A prized photo. Four generations of Steel women. I think I was 16 here. Ghastly purple dress I am wearing but Princess Di had a similar one so it was all the rage...along with the fluffy 80's hair.


When Colin's job transferred to Adelaide I went with them, as I had moved to Sydney to be with mum. Actually I was a rebellious teen and Dad did not know what to do with me after I threw a party behind his back (fair enough too!), so he sent me to live with mum...best move ever. Mum and I grew really close (besties) and when she broke up with Colin she met Peter, and they married soon afterwards.


Love this photo of us three girls. Guessing I am 17 here and my sister 10. Mum would have been about 34. She always wore her hair up from about this age as she was balding. Hormonal the doctors said or maybe a result of all that teasing. She always told me it was because she had children.
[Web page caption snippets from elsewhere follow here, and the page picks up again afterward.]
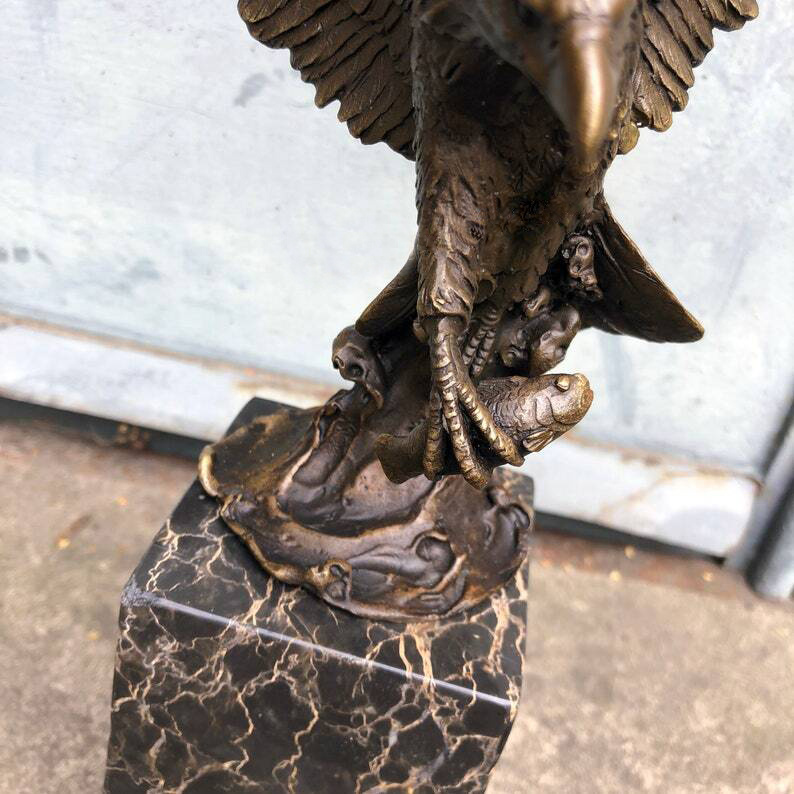 Vintage Bronze Sculpture Fishing Eagle on Marble Base, Ideal Gift for Hunter or Birds Enthusiast, Collectible Figurine Bird with Fish Statue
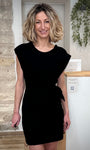 Femme portant robe noire courte ajustée 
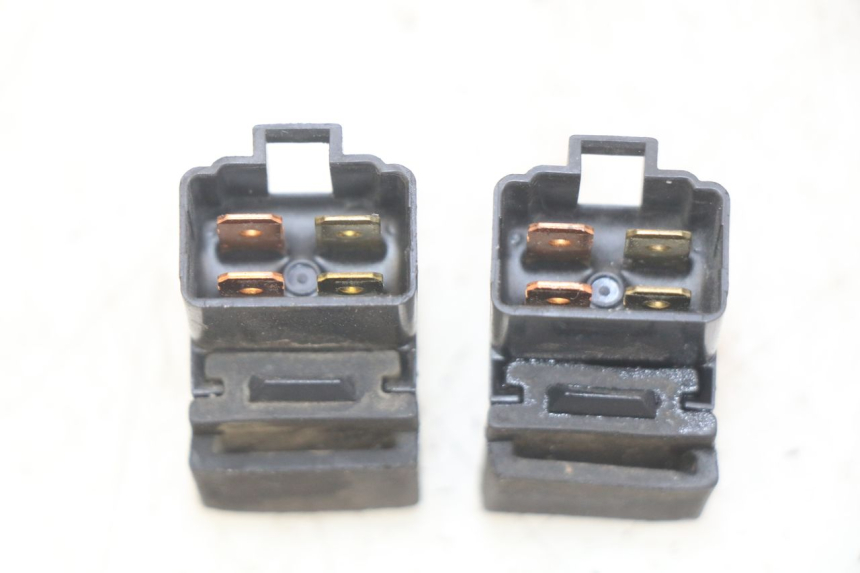 photo de PRZEKAŹNIK ELEKTRYCZNY SUZUKI BURGMAN 650 (2002 - 2004) - Inny kąt widzenia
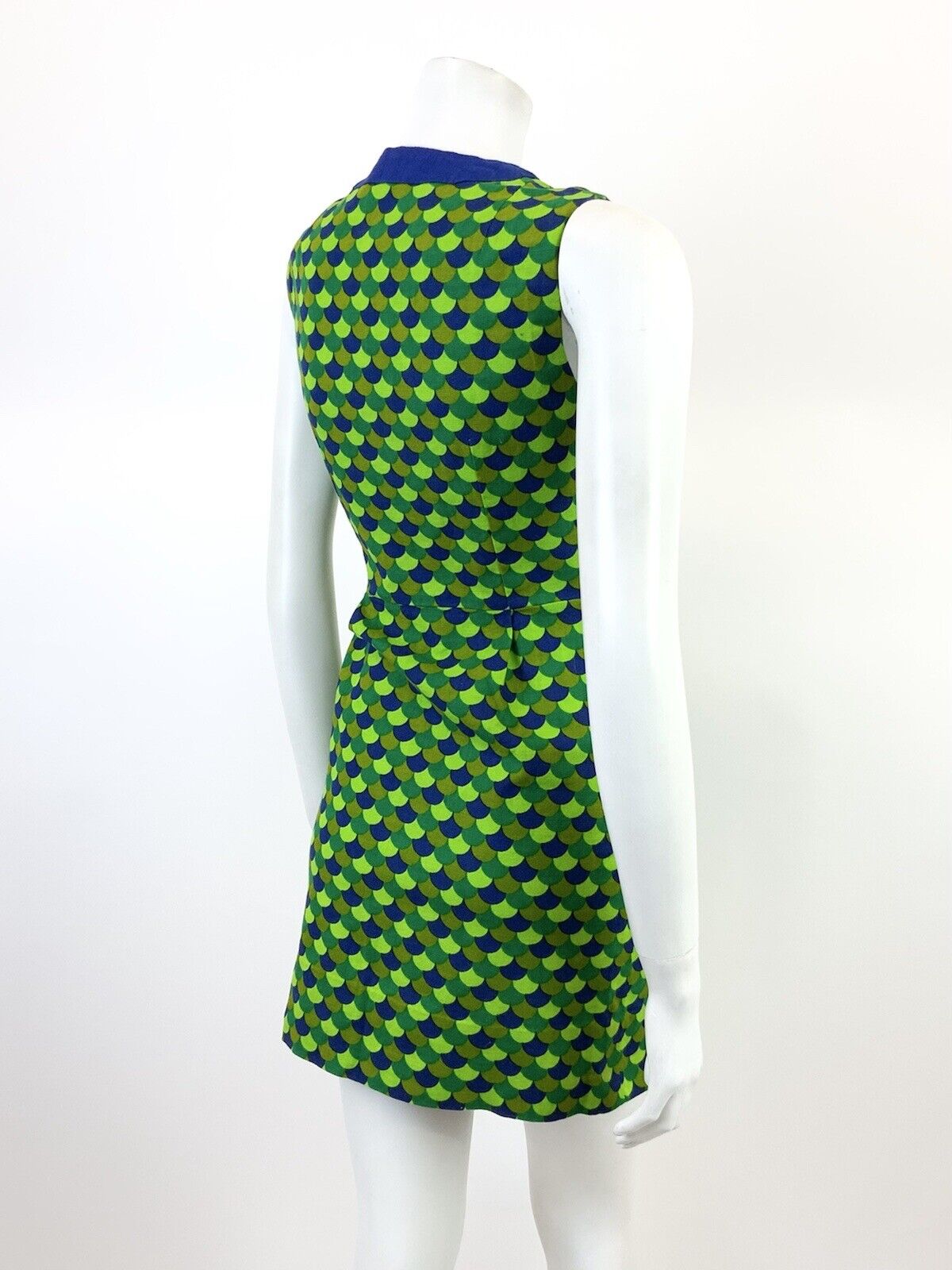 VINTAGE 60s 70s LIME FOREST GREEN BLUE SCALES MOD SLEEVELESS MINI DRESS 8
This photo was taken a few months before her death. She married Robert when she was 45, just after Lauren was born. It was a beautiful wedding and she was truly happy with Robert. They lived in Newcastle and bought and restored antiques which she loved. It was while he was out on a buying trip early one morning, that mum passed away in her sleep of a congenital heart disease she never knew she had.


Another favourite photo taken a few months later at my brother's wedding. Mum is holding Lauren and we were both captured wiping tears from our eyes. This is the last time I saw her one month before she died. I am so thrilled she got to meet Lauren and I have a few wonderful cards she wrote to Lauren that survived the floods which I have shared with my children...love from the grandmother they never knew.

She would be very proud to know that she has seven wonderful grandchildren and her three kids are all doing well. I am proud that I can pass on her legacy to mine. She was a gorgeous, loving woman and I truly believe that she was meant to start her family so early so that she would see us grown up and meet two of her grandchildren before she died.